(Captioned web images)
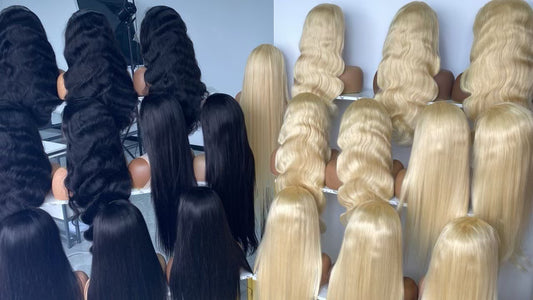 LUXURY WIGS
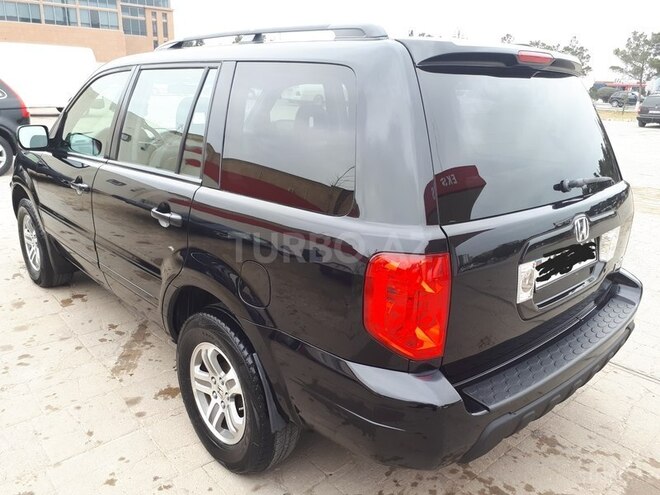 Honda Pilot 2005, 190,000 km - 3.5 л - Sumqayıt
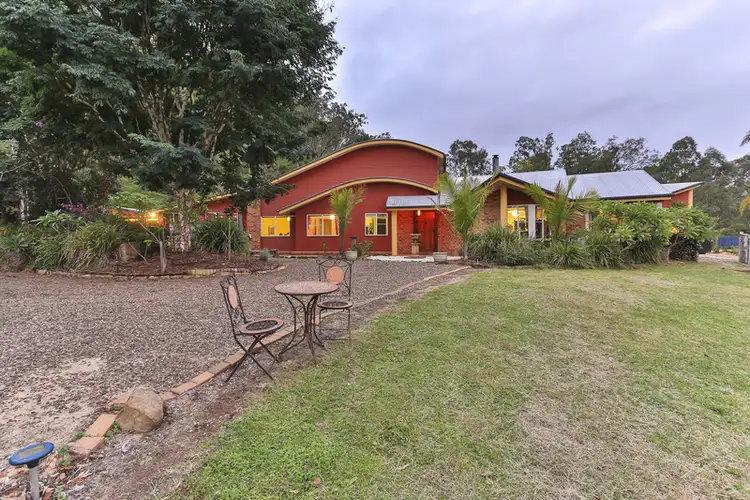 1622 Flagstone Creek Road, Upper Flagstone QLD 4344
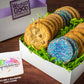 Congratulations Nut-Free Cookie Assortment Gift Box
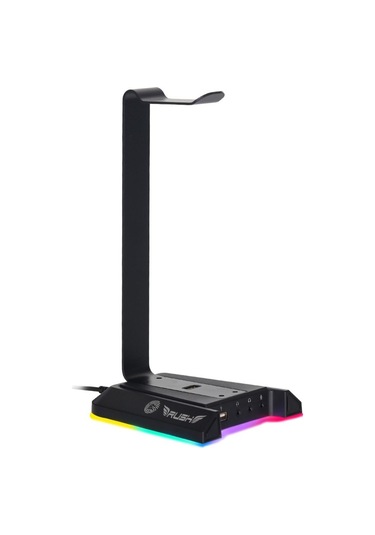 Teknolojinci Rush Boomrack Rhs801 Rgb Usb 7.1 Surround Kulaklık Standı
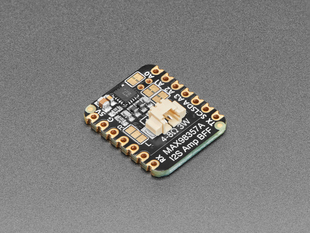 Adafruit I2S Amplifier BFF Add-On for QT Py and Xiao.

PROMPT: Return the records above verbatim, leaving out images.

WRITTEN RESPONSE:
 LUXURY WIGS
 Honda Pilot 2005, 190,000 km - 3.5 л - Sumqayıt
 1622 Flagstone Creek Road, Upper Flagstone QLD 4344
 Congratulations Nut-Free Cookie Assortment Gift Box
 Teknolojinci Rush Boomrack Rhs801 Rgb Usb 7.1 Surround Kulaklık Standı
 Adafruit I2S Amplifier BFF Add-On for QT Py and Xiao.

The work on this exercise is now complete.